Bash: Filter rows by line number

Simply with awk:

awk 'NR==FNR{ pos[$1]; next }FNR in pos' positions.txt data.txt

• NR==FNR{ ... } - processing the 1st input file (i.e. positions.txt):
  • pos[$1] - accumulating positions(record numbers) set as pos array keys
  • next - jump to next record
• FNR in pos - while processing the 2nd input file data.txt(FNR indicates how many records have been read from the current input file). Print record only if current record number FNR is in array of positions pos (search on keys)

---

Sample output:

667 ffg wew  23
533 jhf qwe  54
...

First create a sed script from the positions.txt file:

sed 's/$/p/' positions.txt

This will output

3p
5p
8p

This simple script will just print the indicated lines.

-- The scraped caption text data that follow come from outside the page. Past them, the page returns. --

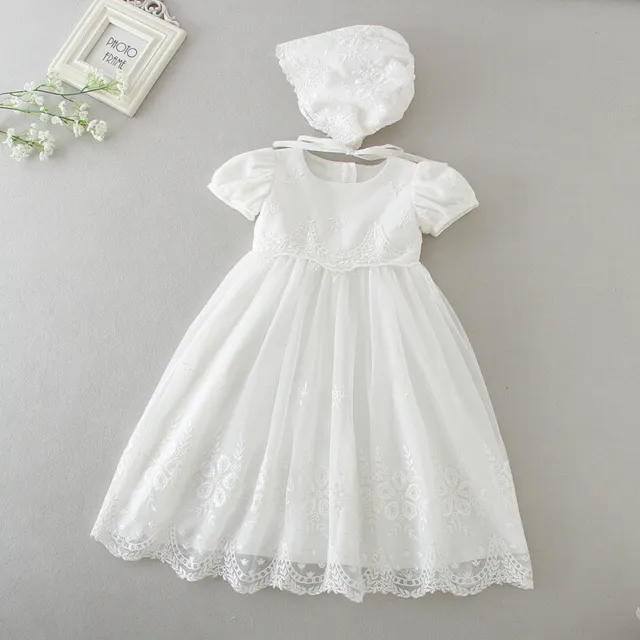 Sale Baby Embroidery Lace Baptism Dress Christening Birthday Party Gown Bonnet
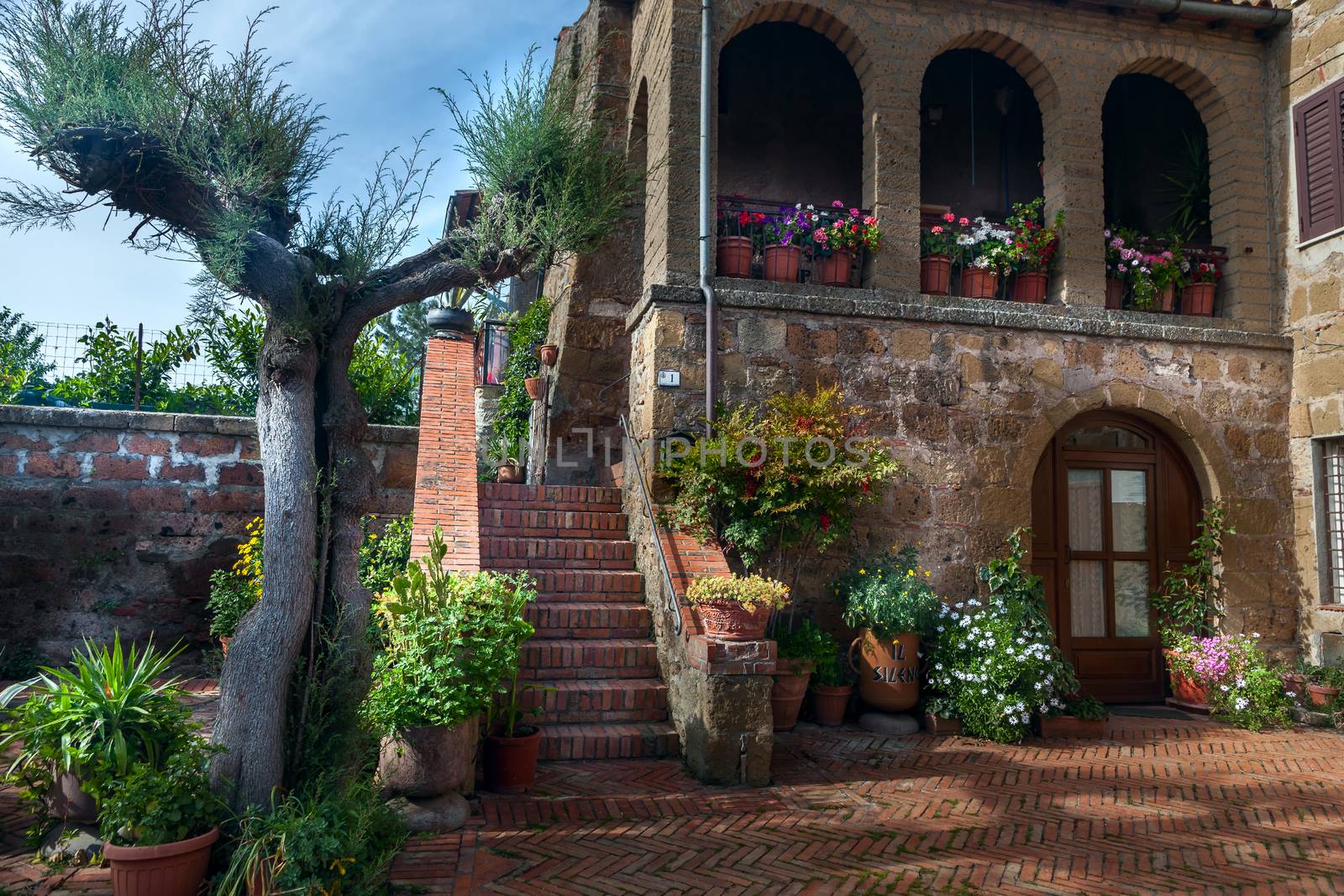 italian patio in old  village Pitigliano, Tuscany, Italy, Europe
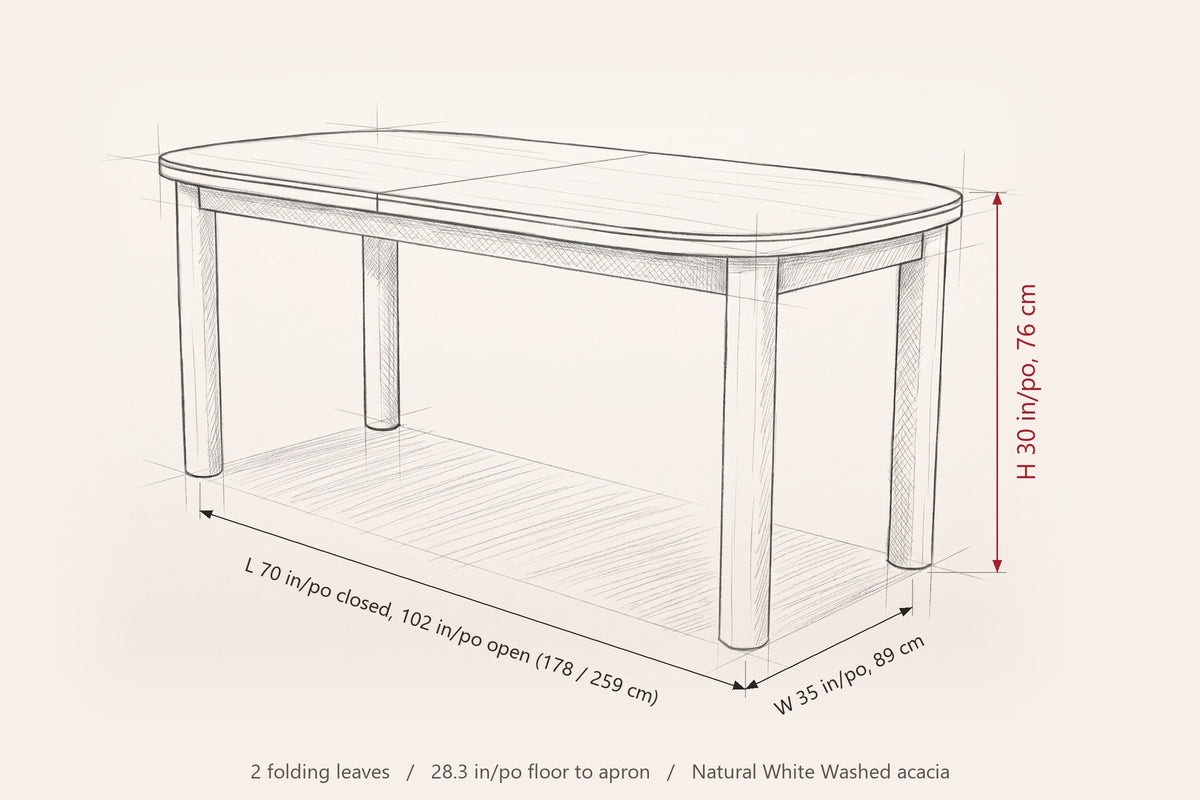 Vitorchiano dining table dimensions: 70 in long closed, 102 in open, 35 in wide, 30 in high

Then apply this to the data.txt file. If you're using bash (or any shell that understands process substitutions with <( ... )):

sed -n -f <( sed 's/$/p/' positions.txt ) data.txt

The -n stops sed from outputting anything other than what's explicitly printed by the given sed script.

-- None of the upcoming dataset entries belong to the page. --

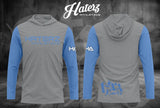 Long Sleeve Performance Hoodie - Gray and Light Blue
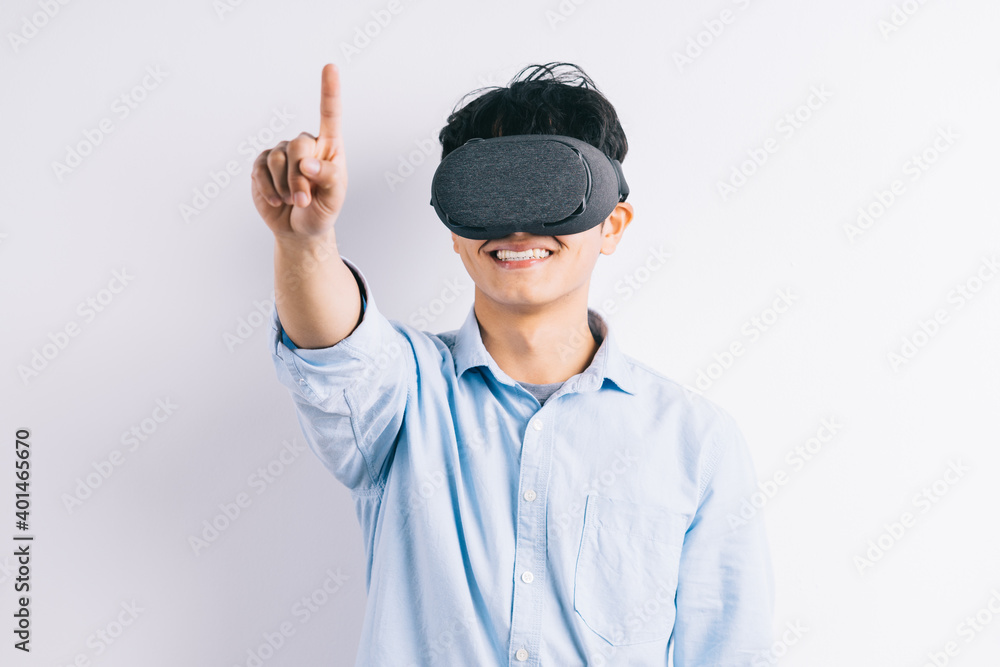 the man is experiencing the virtual reality glasses the man is experiencing the virtual reality glasses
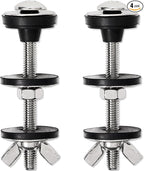 4PCS M6 Universal Toilet Tank to Bowl Bolts Kit, Heavy Duty Toilet Tank Bolts and Washers, 304 Stainless Steel Toilet Seat Bolts Kit, with Extra Long Nut Easy to Install (ΦM6, 4)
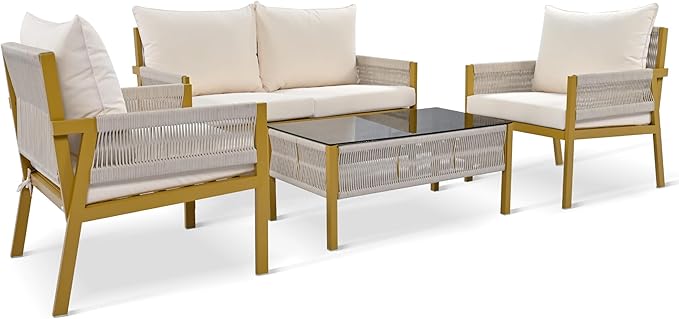 4 Piece Patio Furniture Set, Outdoor FSC Certified Acacia Wood Conversation Set, All-Weather Rope Sofa Set w/Tempered Glass Table, Loveseat for Lawn Balcony Poolside, Backyard, Backyard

With the examples given, this will yield

667 ffg wew  23
533 jhf qwe  54

---

If not using bash, then

sed 's/$/p/' positions.txt >filter.sed
sed -n -f filter.sed data.txt
rm -f filter.sed

... will do the same thing.

If positions.txt is sorted, it's also possible to do this in a single pass through both files, and without storing positions.txt in full. Simply read the next line off positions.txt when the previous matching line is met:

$ awk -vpos=positions.txt 'function get() { getline num < pos } 
     BEGIN { get() } NR==num { print; get() }' data.txt                 
667 ffg wew  23
533 jhf qwe  54

In practice, this is only useful if both files are really huge or you're really, really low on memory.